As we know, President Obama, with the support of most Democrats in Congress, has proposed extending the Bush-era tax cuts to all but wealthy taxpayers. The cutoff was at $200,000 yearly income for individuals ($250,000 for couples), meant to give tax relief to lower and middle-class (and, I suppose upper-middle-class) Americans as part of the stimulus relief package.
Republicans oppose this: they want everyone, even billionaires, to keep their breaks.
As The New York Times reports, Obama’s plan has failed in the Senate: the vote was 53-36 in favor of the Obama bill, seven votes short of the 60 it needed to advance. The bill had already been approved in the House.

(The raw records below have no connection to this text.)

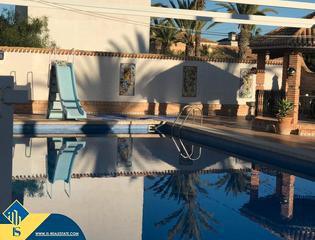 Chalet in Cabo Roig. Villa con piscina privada en orihuela costa, provincia de alican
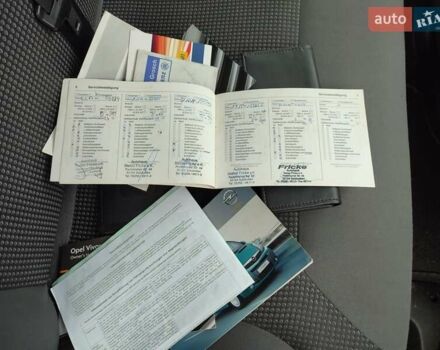 Білий Опель Віваро, об'ємом двигуна 2.5 л та пробігом 194 тис. км за 14600 $, фото 19 на Automoto.ua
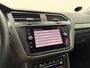 Volkswagen Tiguan 1.5 TSI Elegance | Adaptive Cruise Control | Camera | Stoelverwarming | CarPlay |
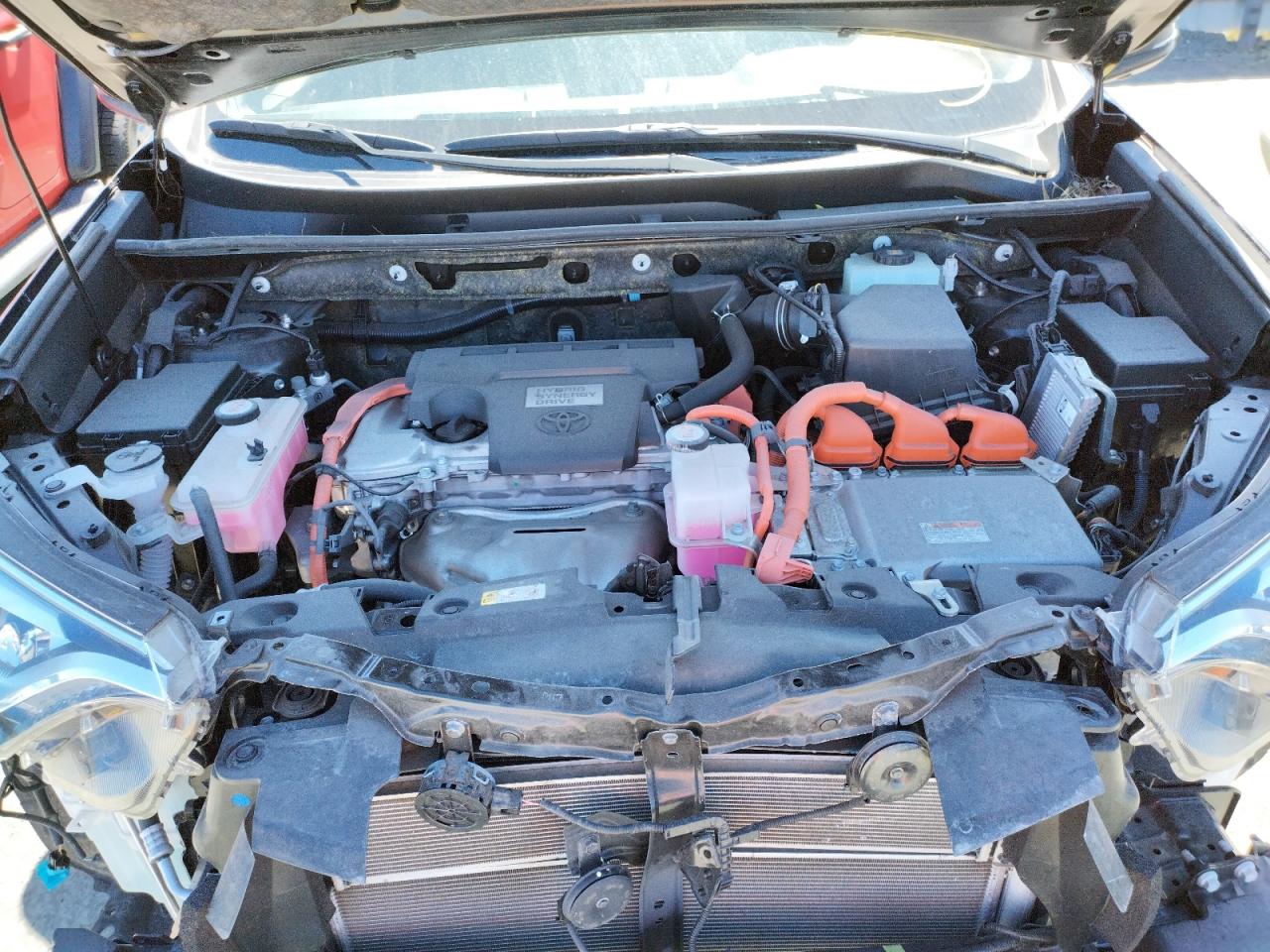 Photo 7 from auction – 2018 TOYOTA RAV4 HV LI with VIN JTMDJREV2JD210228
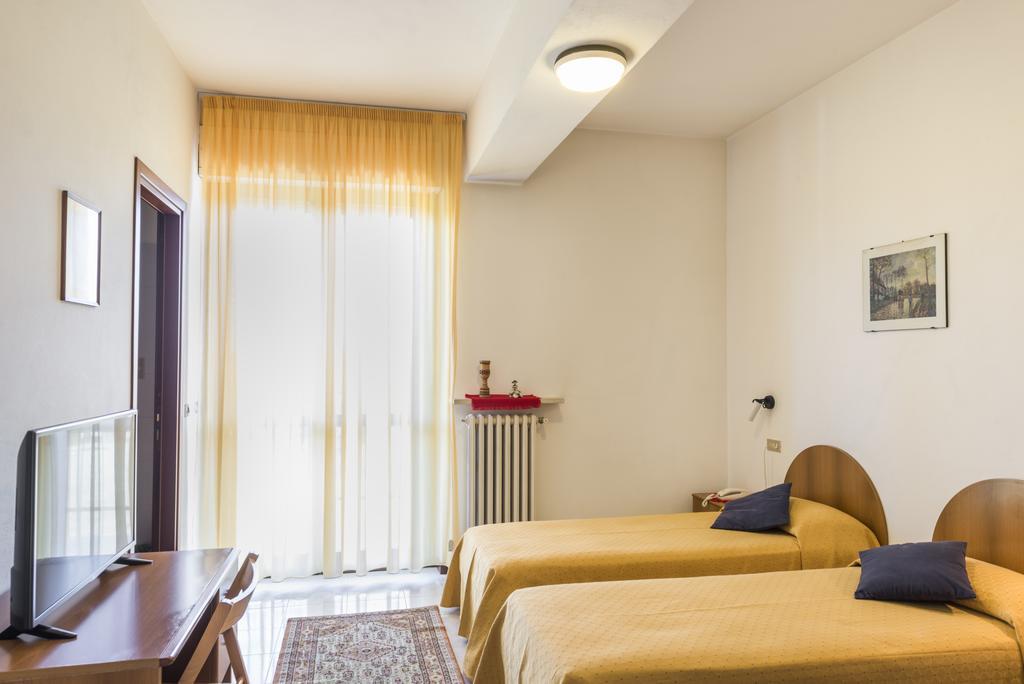 Hotel Cristina San Rocco di Piegara Esterno foto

Democrats, including Mr. Obama, had long questioned the economic basis for lower tax rates on the wealthiest Americans, particularly at a time of deep concern over the nation’s rising debt. White House officials said the revenue lost to tax cuts for the rich would be better spent on tax breaks for the middle class and businesses to help spur growth.
Republicans insisted that allowing the tax rates to expire for the top two income brackets would amount to a big tax increase on small businesses, which generate many of the nation’s jobs — an assertion many economic and tax analysts say is largely baseless.
The assertion is based on the number of taxpayers who report nonwage income on their tax returns, but most such income does not come from what are generally regarded as small businesses.
(Note: it would be nice to have this kind of fact-checking in science journalism!)
Republicans just have to have their tax breaks for the rich, despite any evidence that extending the previous cuts for to the wealthiest would have any salutary effect on poorer Americans or the economy as a whole. They just want the wealthy to be able to keep forever what they got before.
The drubbing Democrats took in the elections, as Republicans won a majority in the House and picked up six seats in the Senate, further undermined the Democrats’ negotiating position. Republicans have since viewed an extension of the lower income tax rates as a foregone conclusion.
To speed up what they viewed as the Democrats’ inevitable capitulation, Senate Republicans said they would block virtually all legislative business on the Senate floor until the tax debate was resolved and a temporary spending measure had been adopted to finance the government.
Yes, by all means, let’s just shut down the whole goddamned government until Obama and the Democrats give in on this totally symbolic issue. Really responsible governance. (Republicans, of course, have proposed no viable solutions for our economic difficulties).
This is only the beginning of the political hell we’re going to have for at least the next two years.